La période suspecte, définie par l’article L.632-1 du Code de commerce, s’étend de la date de cessation des paiements (fixée par le juge-commissaire) jusqu’au jugement d’ouverture de la procédure collective. Elle concerne seulement les procédures de redressement et de liquidation judiciaires, excluant la sauvegarde judiciaire, réservée aux entreprises non encore en cessation des paiements.
En outre, cette période sert à analyser les actes passés par le débiteur, dans l’objectif de détecter tout comportement anormal ou frauduleux.

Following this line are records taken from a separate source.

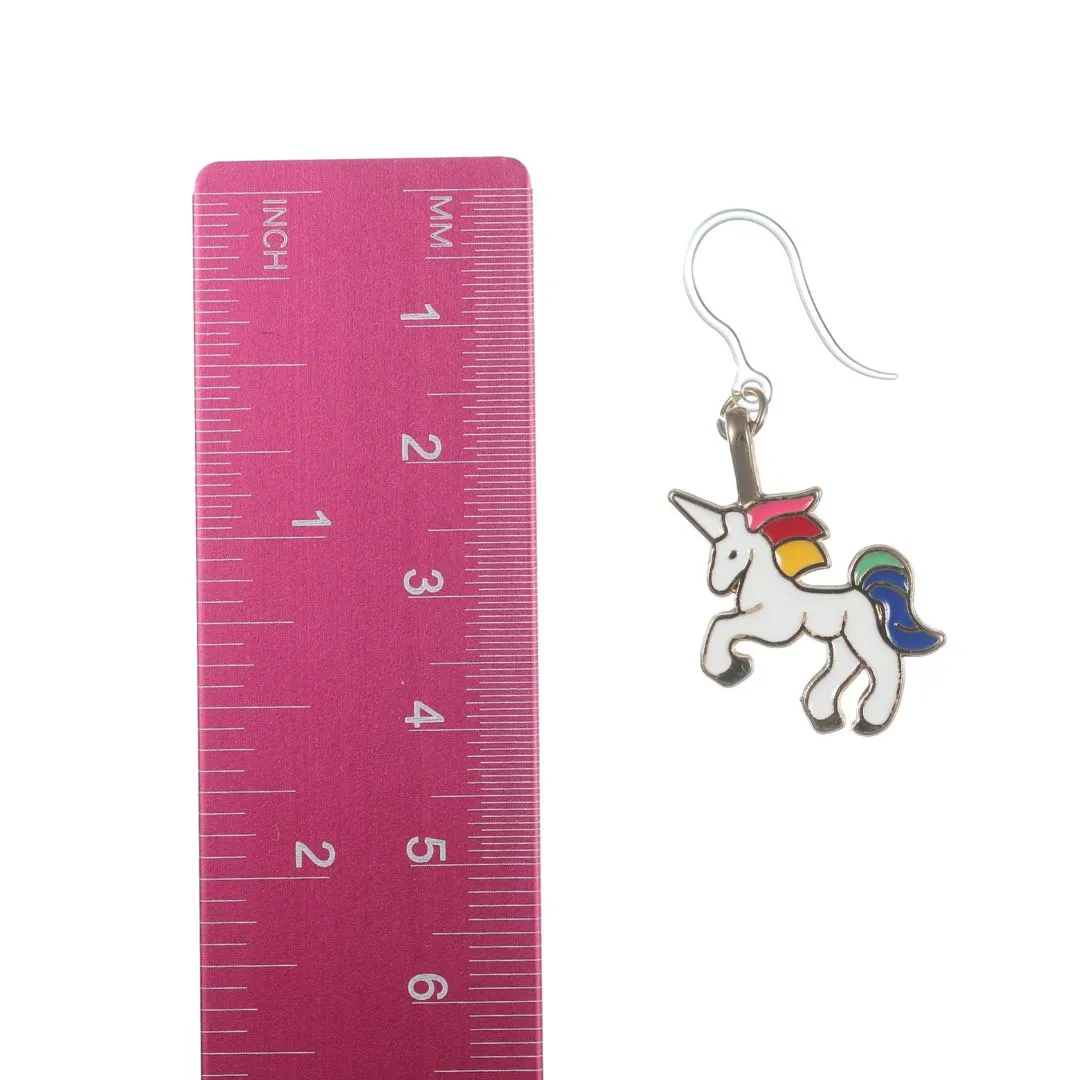 Rainbow Unicorn Dangles Hypoallergenic Earrings for Sensitive Ears Made with Plastic Posts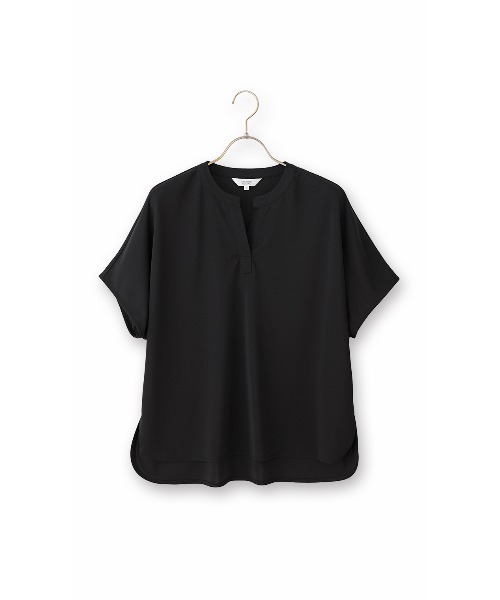 AOYAMA(アオヤマ)の「キーネックブラウス【半袖】【涼】【セットアップ着用可】(シャツ/ブラウス・レディース・グレー/ブラック・L/M/S)」の10枚目の写真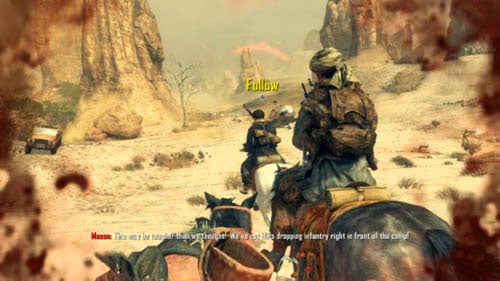 When your horse rears up, ride to the left and follow your team-mates - Mission 03: OLD WOUNDS | Missions: Walkthrough - Missions: Walkthrough - Call of Duty: Black Ops II Game Guide & Walkthrough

Le juge-commissaire doit alors vérifier si l’entreprise s’est livrée ou a tenté de se livrer à des opérations frauduleuses avant l’ouverture de la procédure.

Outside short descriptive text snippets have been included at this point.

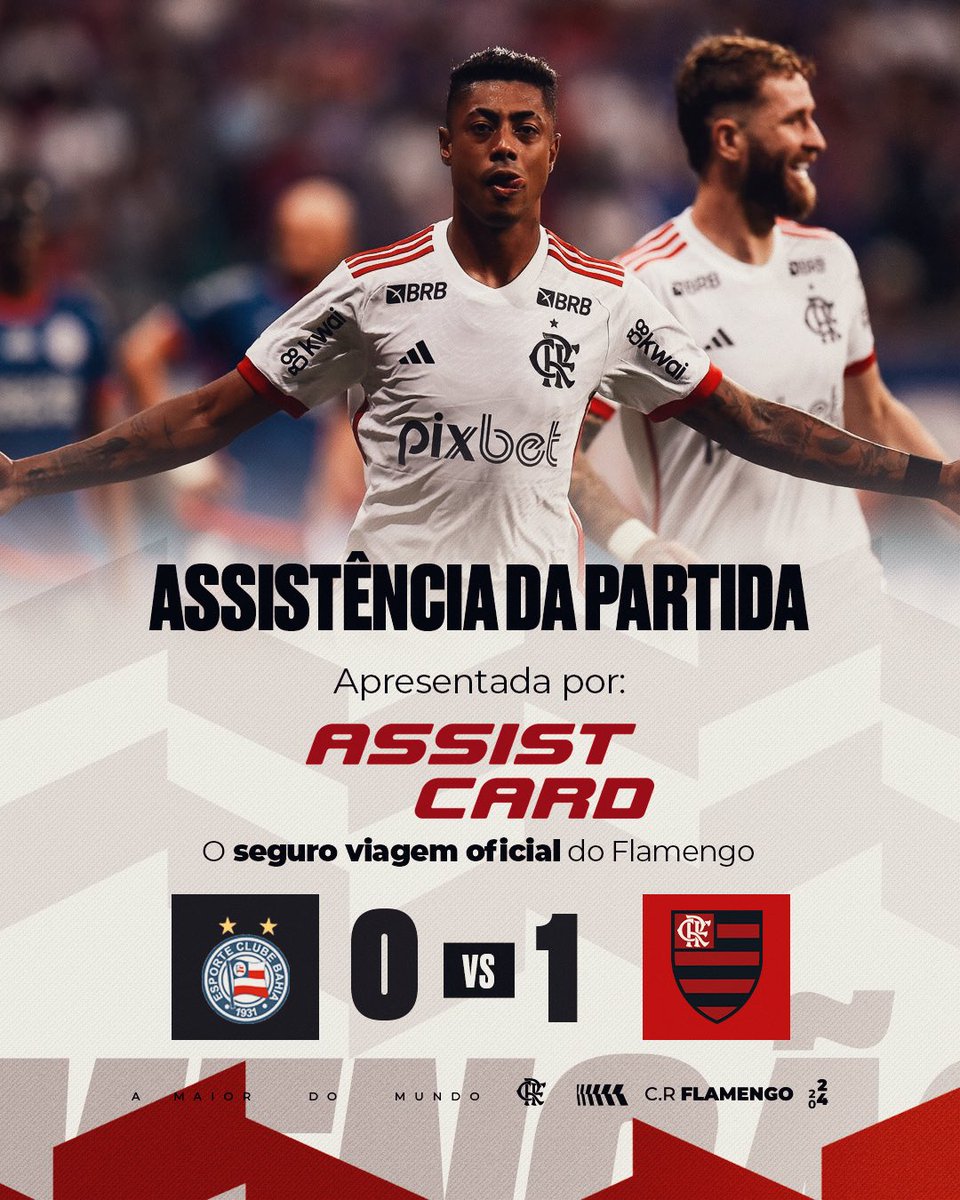 Flamengo's tweet photo. De la Cruz cobrou o escanteio com perfeição e a bola encontrou Bruno Henrique. O camisa 27 subiu mais alto que a defesa e cabeceou para fazer o único gol do jogo.
Assistência da Partida apresentada por Assist Card, o seguro viagem oficial do Flamengo. #AssistCardFla #AssistFla @assistcard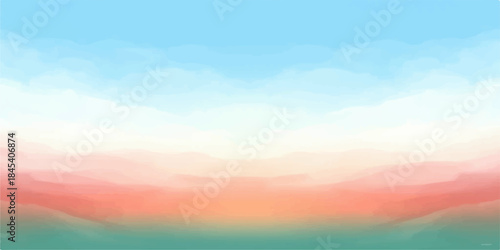 Colorful sunset over the sea with dramatic clouds and warm light on the ocean horizon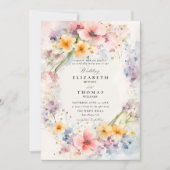 Wildflowers Happy Garden Modern Elegant Wedding Kaart (Voorkant)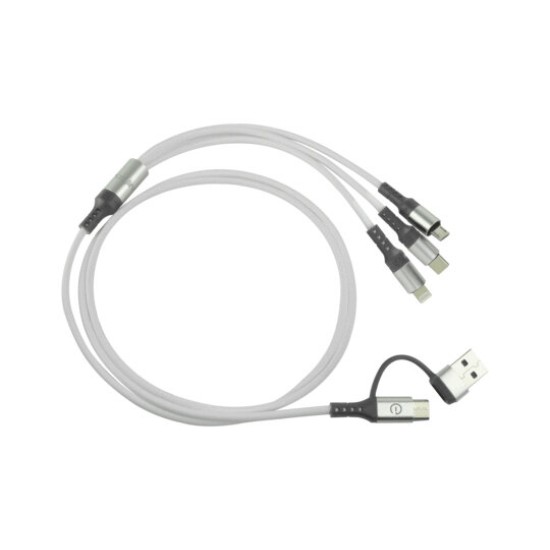 Cable de Carga Easy Line EL-994329 - Micro-USB/Lightning/USB C - 3A - 1.2Mts - Plata - EL-994329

Ainsi, en cas de doute, le juge-commissaire peut remonter la date de cessation des paiements jusqu’à 18 mois avant le jugement d’ouverture, pour remettre en cause la validité de certains actes conclus par l’entreprise.

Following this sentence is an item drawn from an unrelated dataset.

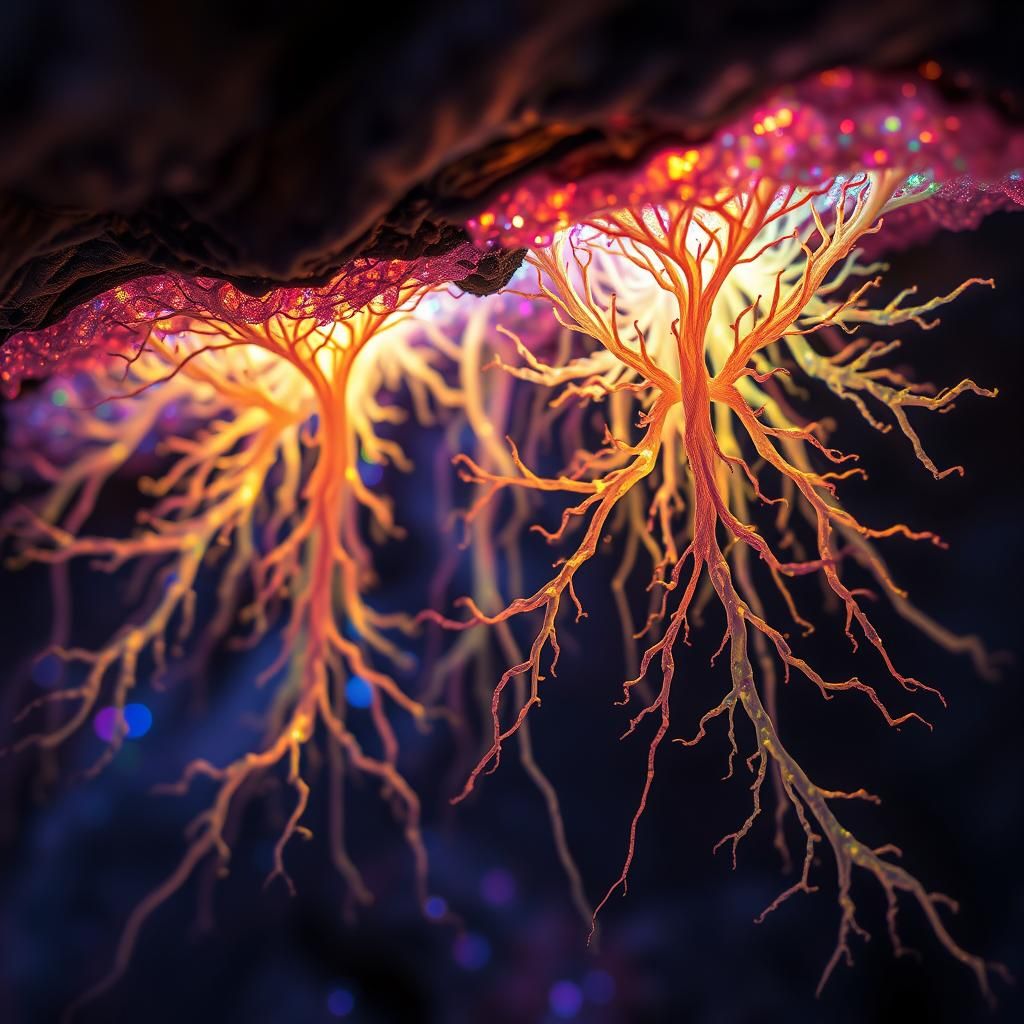 Iridescent Mycelium Networks in Geometric Patterns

Quels sont les actes concernés par la nullité de la période suspecte ?
Les actes accomplis durant la période suspecte peuvent être annulés s’ils présentent un caractère anormal ou préjudiciable pour l’entreprise. Deux formes de nullités sont observées :
La nullité de droit : elle s’applique automatiquement à certains actes considérés comme gravement préjudiciables ou « suspects », tels que les donations effectuées par le débiteur en état de cessation des paiements, les paiements de dettes non échues, les garanties conventionnelles constituées pour assurer des dettes antérieures à la période suspecte, ou les ventes à un prix dérisoire ou les achats à des coûts excessifs ;
La nullité facultative : ces actes sont soumis à l’appréciation des juges. Cela concerne notamment les actes à titre gratuit accomplis dans les six mois précédant la cessation des paiements et les paiements effectués après la cessation des paiements, à condition que le débiteur connaisse la situation compromise de l’entreprise.
La procédure et les effets de la nullité de la période suspecte
Les requêtes en annulation des actes anormaux peuvent être formulées par le ministère public, l’administrateur judiciaire, le mandataire judiciaire, le liquidateur ou le commissaire à l’exécution du plan (CAEP). En revanche, le débiteur lui-même est exclu du droit d’agir(cass. com du 8 mars 2017, n°15-18.495).
Il n’existe pas de délai spécifique pour agir en nullité. Dès lors, une fois l’acte annulé, la nullité est rétroactive : ses effets, même passés, deviennent nuls. Toutefois, elle reste unilatérale : seuls les éléments défavorables à l’entreprise sont annulés afin de préserver les créanciers.